- _Aim of the exercise_
Within the entries below, output exactly the lines between the line containing "English Village Hotel" and the line containing "Read Hajirau Kimi ga Mitainda Manga Online", inclusive, and omit any picture.

- _Data_
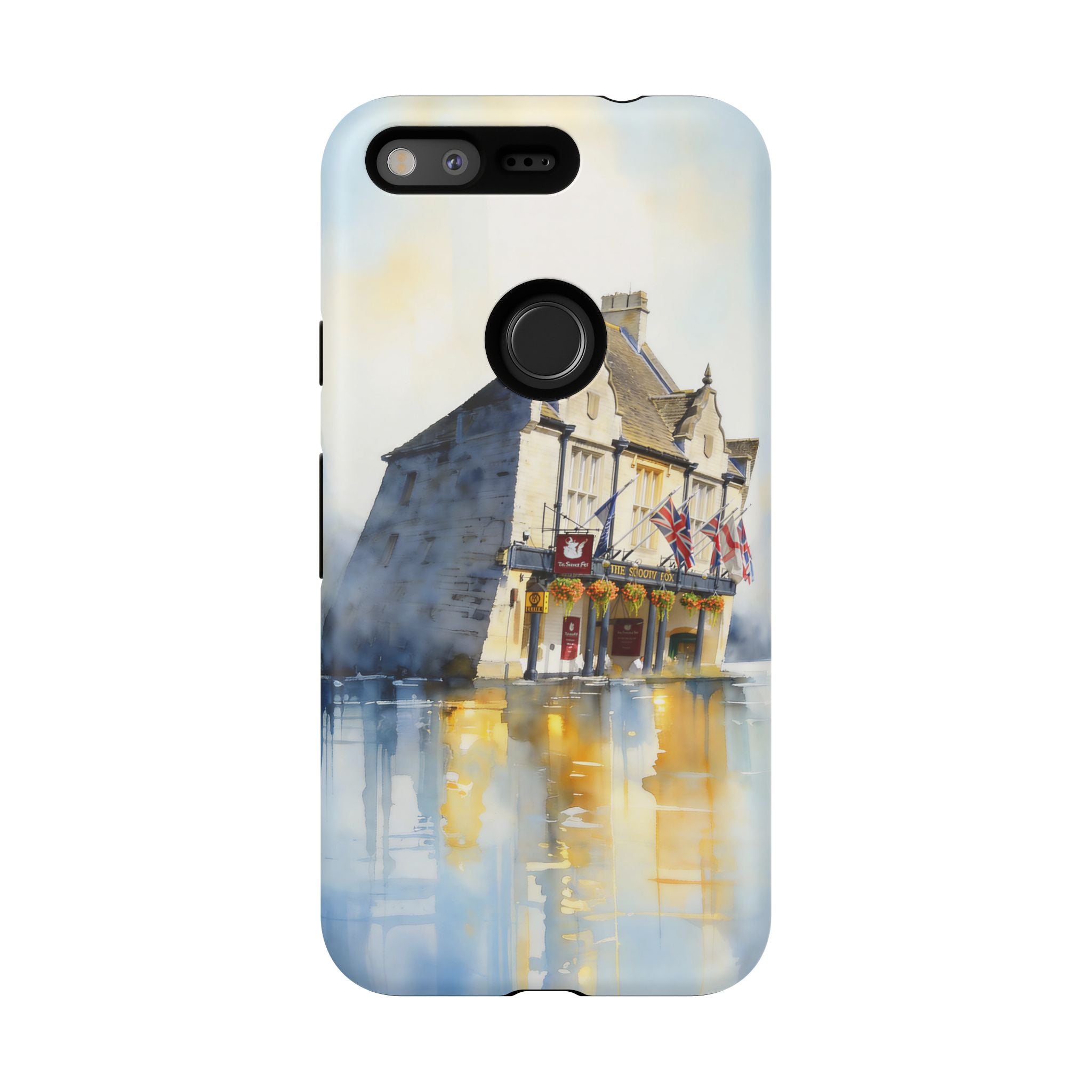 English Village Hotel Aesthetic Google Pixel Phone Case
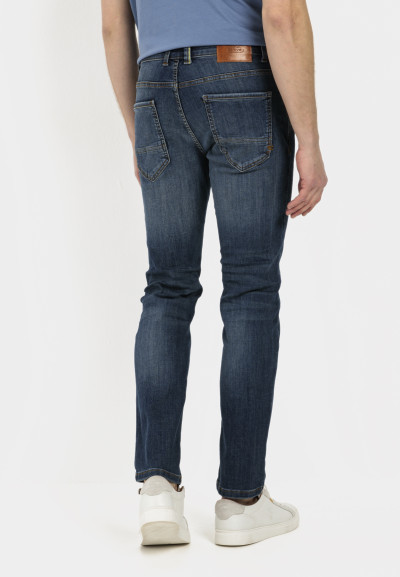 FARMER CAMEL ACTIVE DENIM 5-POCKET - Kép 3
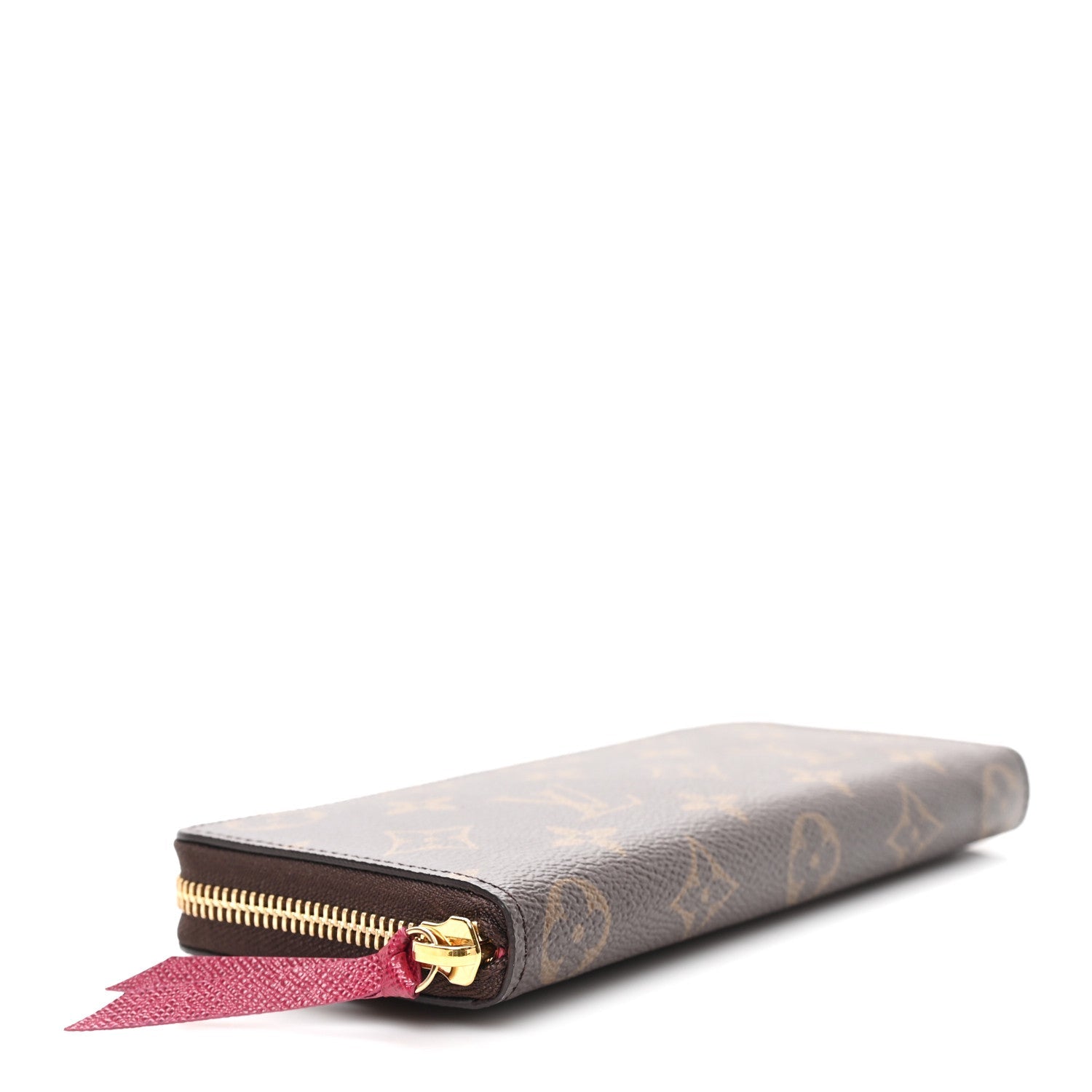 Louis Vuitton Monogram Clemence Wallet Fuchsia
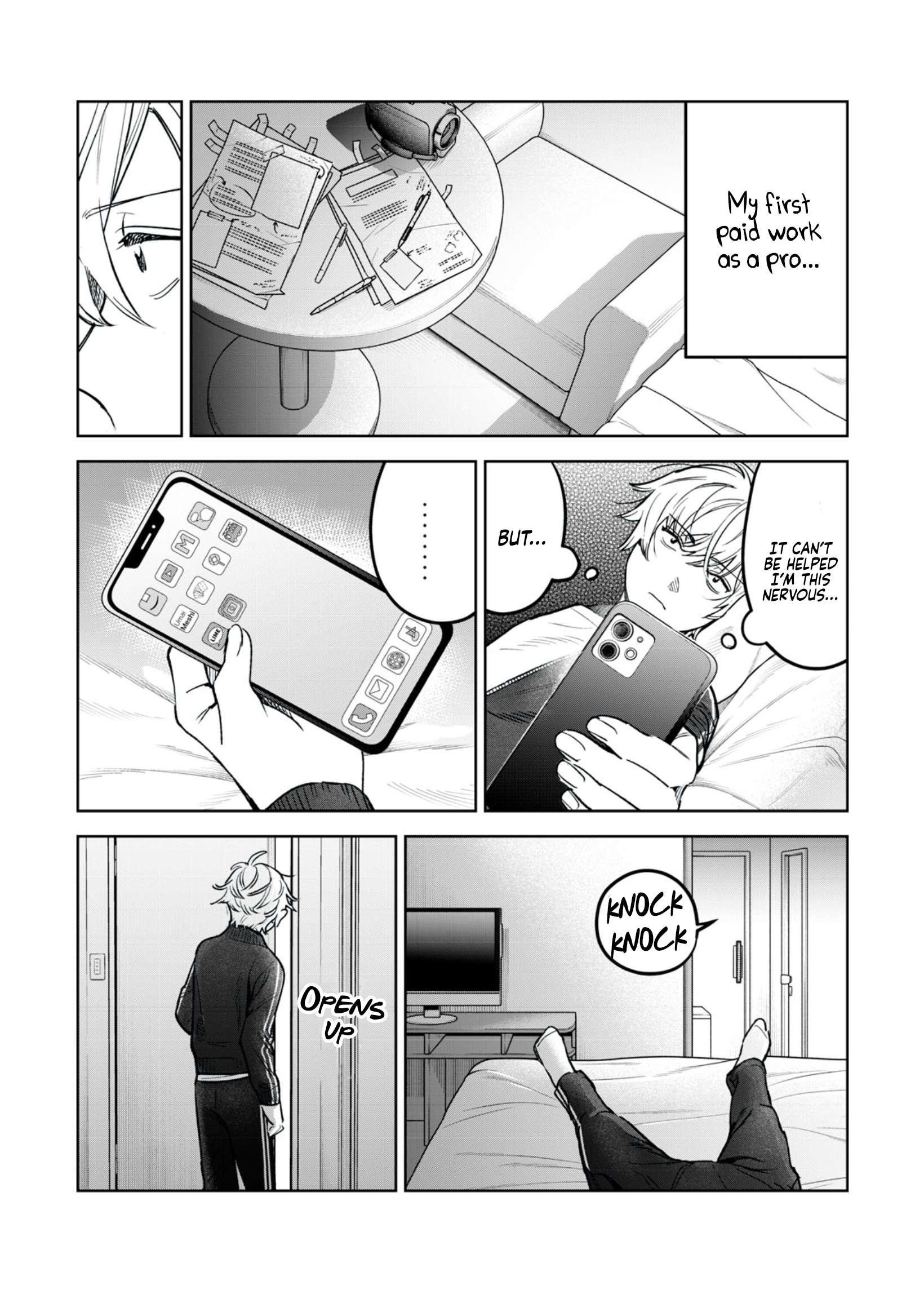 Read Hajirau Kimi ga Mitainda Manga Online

...

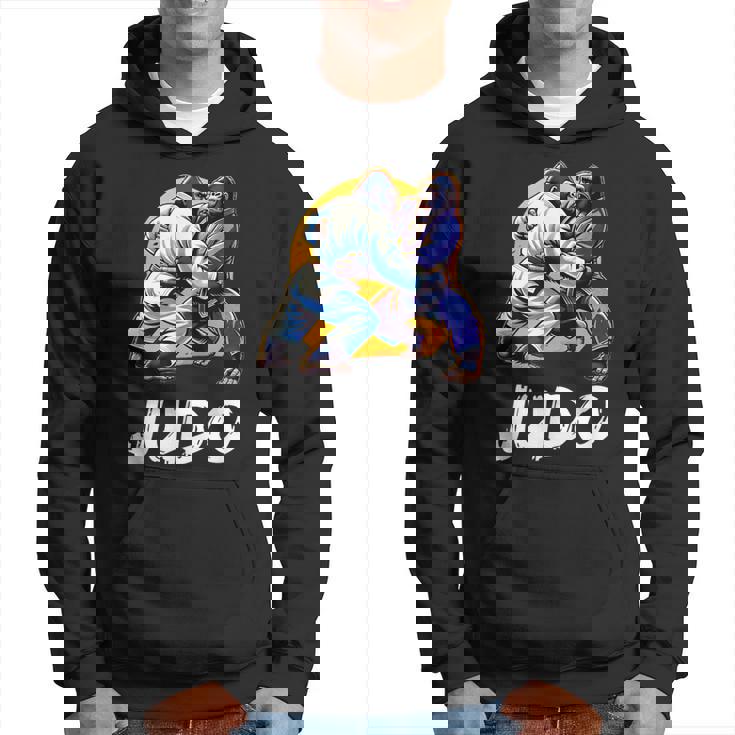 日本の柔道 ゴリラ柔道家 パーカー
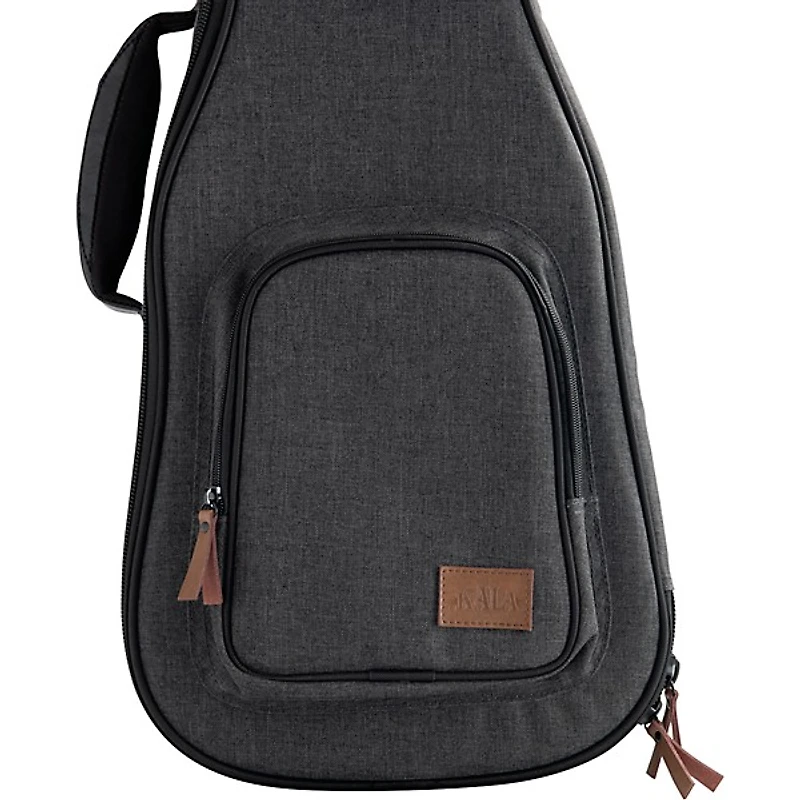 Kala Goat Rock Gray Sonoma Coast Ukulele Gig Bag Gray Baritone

- _Reply_
 English Village Hotel Aesthetic Google Pixel Phone Case
 FARMER CAMEL ACTIVE DENIM 5-POCKET - Kép 3
 Louis Vuitton Monogram Clemence Wallet Fuchsia
 Read Hajirau Kimi ga Mitainda Manga Online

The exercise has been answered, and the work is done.